Roland C. WAGNER
L'ATALANTE
704pp - 25,00 €
Critique parue en juillet 2011 dans Bifrost n° 63
Quand Roland C. Wagner décide de donner corps à ce qui est sans doute le plus ancien et le plus longuement mûri de ses projets, il n’y va pas avec le dos de la cuiller : fort de ses sept cents pages, Rêves de Gloire s’impose enfin sur les tables des librairies. La taille, pourtant, est bien la moins impressionnante des qualités de cette uchronie magistrale, la première à se pencher sur la guerre d’Algérie — et sur la France de ces cinquante dernières années.
De nos jours, à Alger, un collectionneur de disques découvre sur un site de vente aux enchères l’existence d’une pièce rare, l’unique 45 tours des improbables Glorieux Fellaghas. La quête de ce graal et les mystères qui l’entourent vont le pousser à s’intéresser de près aux évènements qui, de l’aube des années soixante à la fin des soixante-dix, ont régi les relations de la France, de l’Algérie et… de l’Algérois.

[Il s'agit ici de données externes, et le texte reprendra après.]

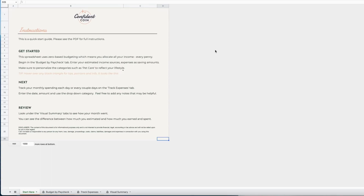Hi, this is Ashley from Confident Coin and I am here to give you a walkthrough of our updated Budget by Paycheck spreadsheet. The file is available in Google Sheets and Excel and upon opening it, this is the first tab that you will see. On the Start Here tab, you've got a quick start walkthrough of some basic how-tos to use the spreadsheet if you're comfortable with Google Sheets or Excel.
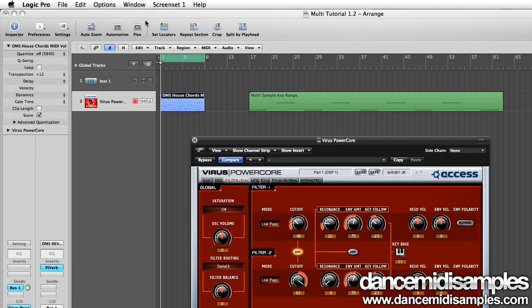Hi, my name is Pete from dancemillisamples.com and today I'm going to talk you through creating a multi-sampled EXS24 instrument in Apple Logic.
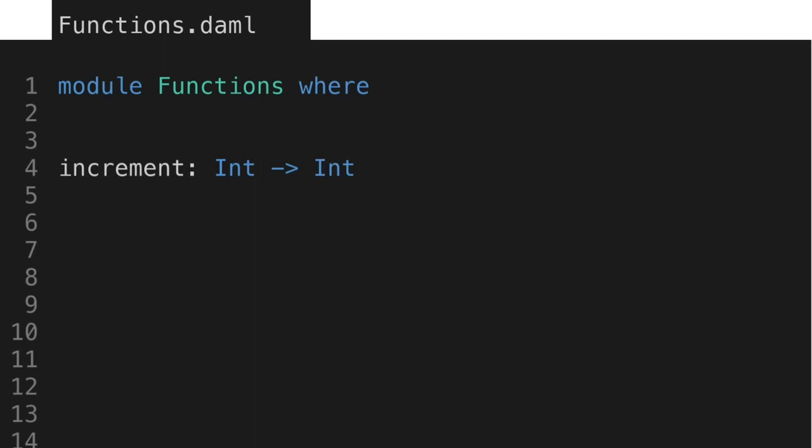In this example, the signature of the increment function means that it takes one argument of type int and produces a result of type int. For example, we say that this function increment maps an int value to another int value, so the right arrow can be read as maps to.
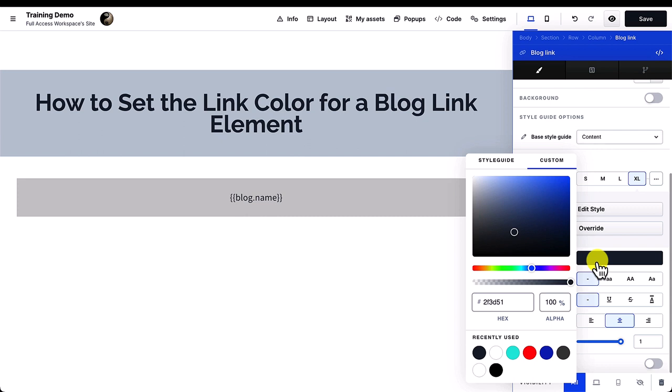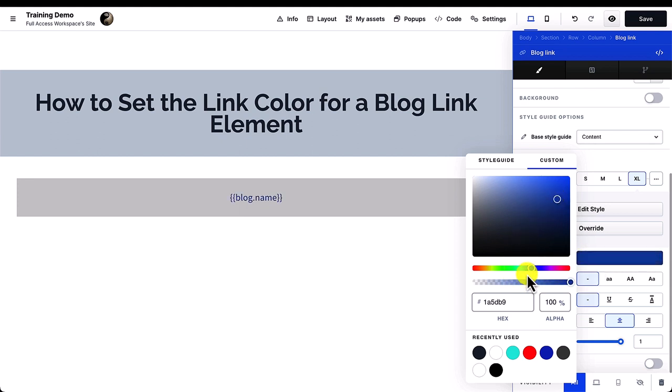Next, select the color of your blog link element. When you're finished, go ahead and click the Save button on the upper right corner of your page to complete the changes.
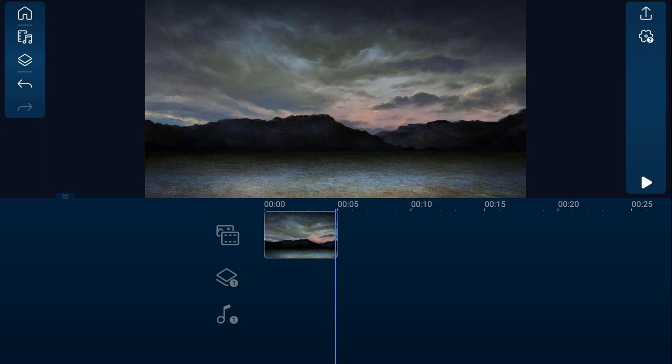Now I'm going to use PhotoDirector for this but you can use any photo editor on your device that can remove parts of an image and replace them with a green screen or a transparent background. So let's go ahead and go over to PhotoDirector.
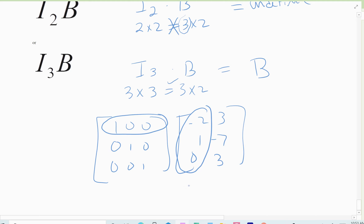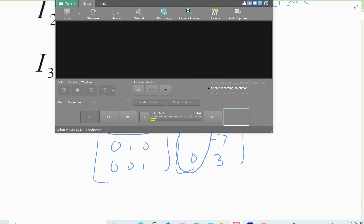That finishes up this section. We only have one more section left to go for the entire semester — section 4.3 — and then we're all done with all the topics.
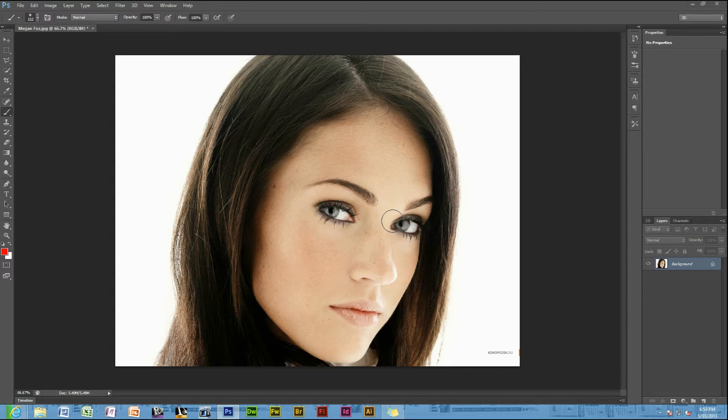Hello and welcome to CAD Graphic Tutorials. Today I'll be showing you how to apply makeup to a person's face. To start off, you need to open an image of a person or whatever you wish to apply makeup to. Here I've got a picture of Megan Fox.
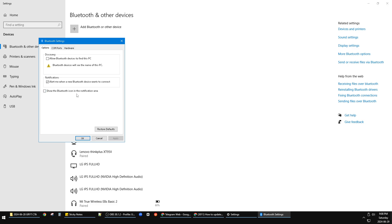After that, you can see there is an option to show the Bluetooth icon in the notification area. Just check this one and then click Apply, and then go back to your toolbar.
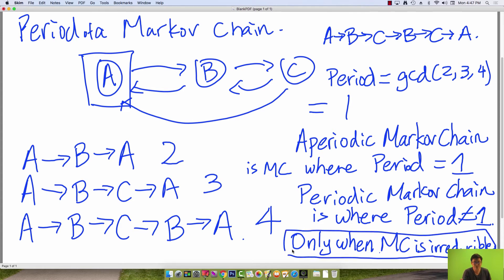If the Markov chain is reducible, there is no real notion of a period. So when you want to find a period, first check to make sure that the Markov chain is actually irreducible.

Quelques lignes en exergue du premier chapitre seront la seule concession à la manière uchronique « classique », celle, didactique, qui refait l’Histoire en la dévidant depuis un point de divergence unique. Car pour être symbolique, la fusillade qui coûte la vie au Général de Gaulle en octobre 1960 n’est ni le premier, ni le seul événement fondateur du roman. L’Algérie nouvelle qui se dessine au fil des pages doit ainsi tout autant à la mort du Général qu’à l’attentat raté contre Kennedy. Ou à la présence sur les plages de Biarritz, à l’été 64, d’un Timothy Leary aux poches pleines de fioles de Gloire. Ou encore à l’insurrection de Budapest en 56. Ou encore…

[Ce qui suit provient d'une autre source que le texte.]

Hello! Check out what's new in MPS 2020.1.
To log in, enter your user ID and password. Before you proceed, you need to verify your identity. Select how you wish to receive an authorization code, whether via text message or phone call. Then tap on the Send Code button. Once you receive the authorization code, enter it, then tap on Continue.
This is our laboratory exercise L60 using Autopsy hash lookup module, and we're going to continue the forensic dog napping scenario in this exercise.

En multipliant les points de divergence, Wagner donne des bases solides à une réalité alternative particulièrement cohérente et réaliste, et plutôt que de la raconter, laisse la parole à ceux, innombrables, qui la font — et la vivent. Autour de quelques personnages récurrents et de l’intrigue « contemporaine », une multitude d’anonymes émergent ainsi du tourbillon des évènements, prêtant leurs voix au chœur le temps d’un souvenir, pour donner vie et cohérence à ce rêve d’Histoire entre contre-culture et barbouzeries. Dans ce concert ininterrompu de voix entrelacées, l’auteur n’oublie jamais que la langue même se doit d’être uchronique ; et cette structure polyphonique parfaitement maîtrisée s’avère être le véhicule idéal pour plonger sans douter au cœur de l’Histoire en marche et des dynamiques sociales, offrant un point de vue privilégié sur le processus uchronique lui-même.
Jamais Roland C. Wagner n’avait aussi bien marié ses passions et ses convictions. Soigneu-sement réinventés, le rock « psychodélique », les expérimentations sociales et les explora-tions psychotropes des sixties sont les piliers d’un roman vivant, ensoleillé et jubilatoire, qui confronte sans idéalisme des valeurs qu’on voudrait universelles à un regard incisif sur les sociétés contemporaines.
Fruit d’un savant équilibre entre pragmatisme et utopie, entre musique et politique, Rêves de Gloire, enthousiasmant de bout en bout, pose avec passion et humanité un regard neuf, sans tabous, sur un passé toujours sensible, sur les chemins qui s’ouvrent à nous et sur les pièges qui nous guettent.
Et l’uchronie gagne là l’une de ses plus belles pièces.